Camp is a four letter word!



Chat online or do it the old fashioned face-to-face way these days and you’ll hear the term straight acting bandied around all over the place. It seems that with homosexuality being more visible in society, those of us in the community would prefer that it was invisible again.

Anyone seen as being the slightest bit effeminate is to be looked down upon from a very well manicured but butch looking high ground. The guys coming out at a very young age in cities like Sydney seem to be more comfortable exploring their camp side, but the rest of us seem hell bent on making sure we don’t look like we actually sleep with other men.

I have to admit, I personally don’t understand the compulsion to wear eyeliner and have hair straightening parties with my friends, but I don’t understand the compulsion to play rugby league and paw over busty blonde girls either, but I’m not going to condemn the straight boys for doing it.

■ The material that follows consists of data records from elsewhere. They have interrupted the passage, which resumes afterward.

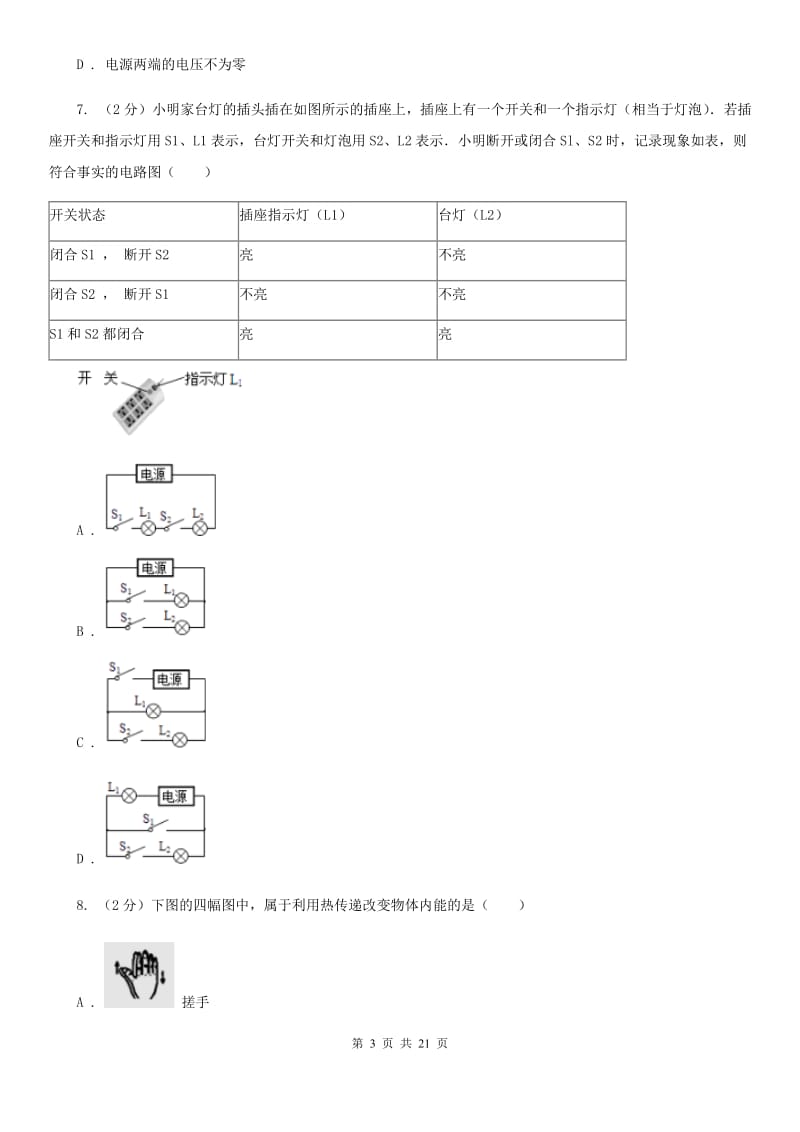 沪科版2019-2020学年九年级上学期物理期中考试试卷A卷(3).doc_第3页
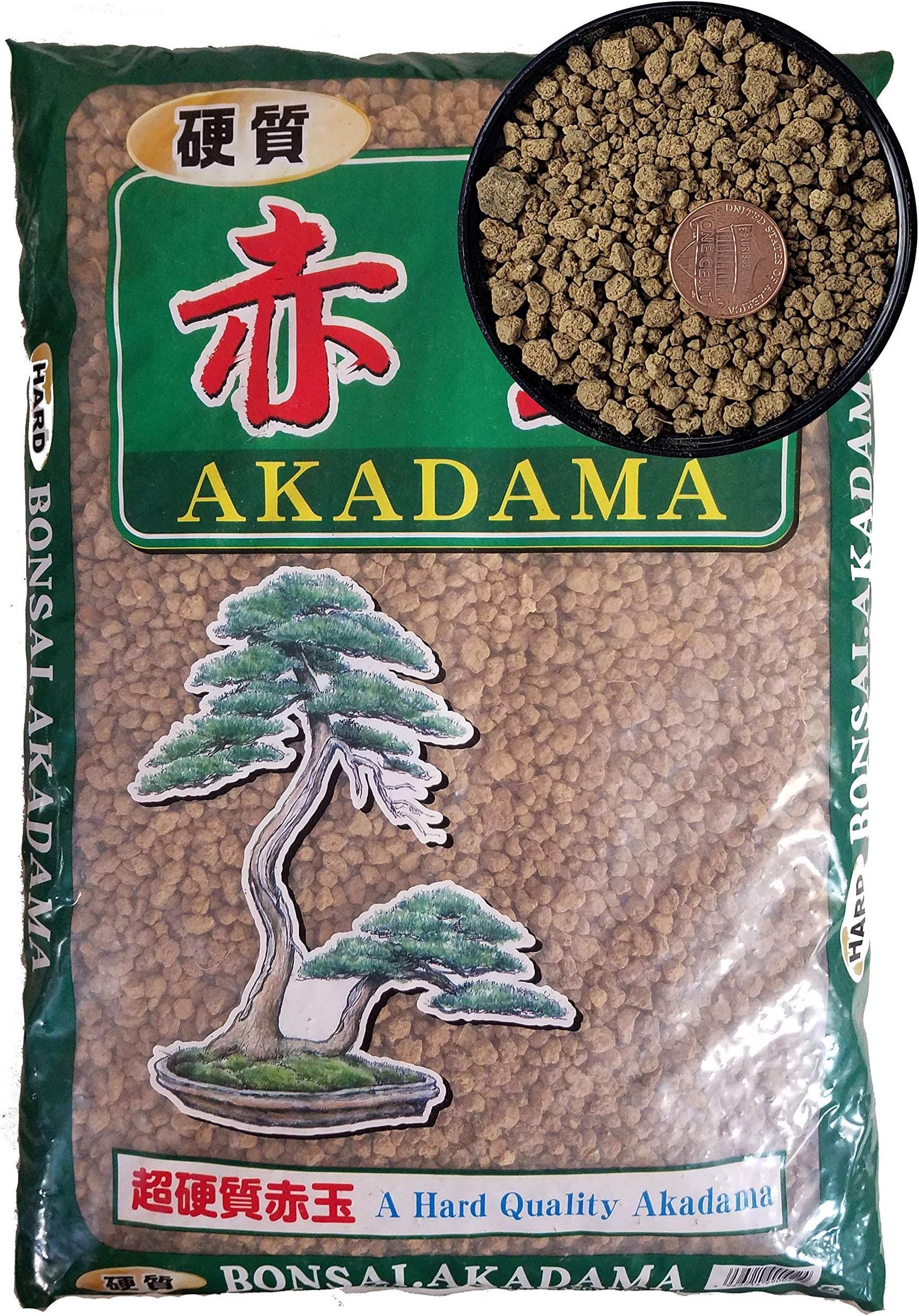 Japanese Hard Bonsai Akadama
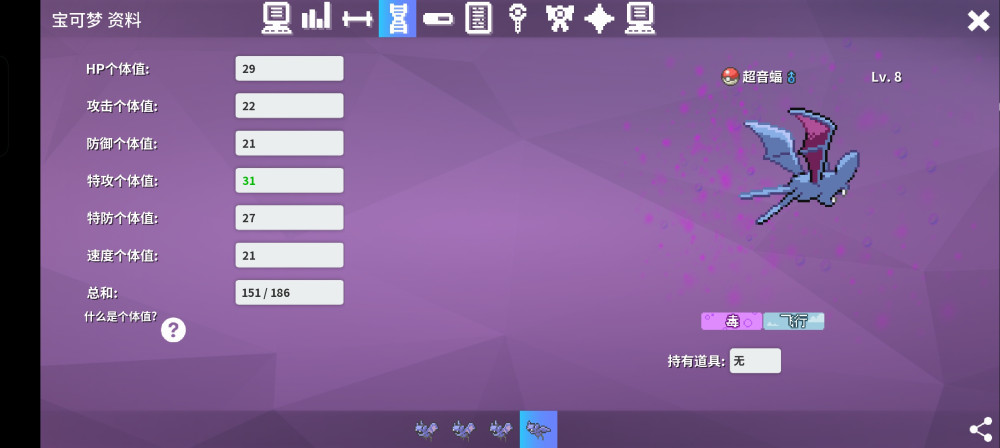 Screenshot_2024-06-07-16-54-41-04_0ec1ded17184c7bb188baf67950879ed.thumb.jpg.fc21d6e9b627a46a3558594068d20748.jpg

Just as the baby-gays might be hiding their insecurities behind eyeliner and foundation and a fierce pastel studded belt, are those determined to be “straight acting” hiding their insecurities of being seen as weak behind their macho front? Isn’t it about time that we all just were who we genuinely are instead of pretending to be something we aren’t? From what I can see, that was the whole point of coming out in the first place wasn’t it? So that we didn’t have to live in the closet wearing our polyester-blend self-loathing?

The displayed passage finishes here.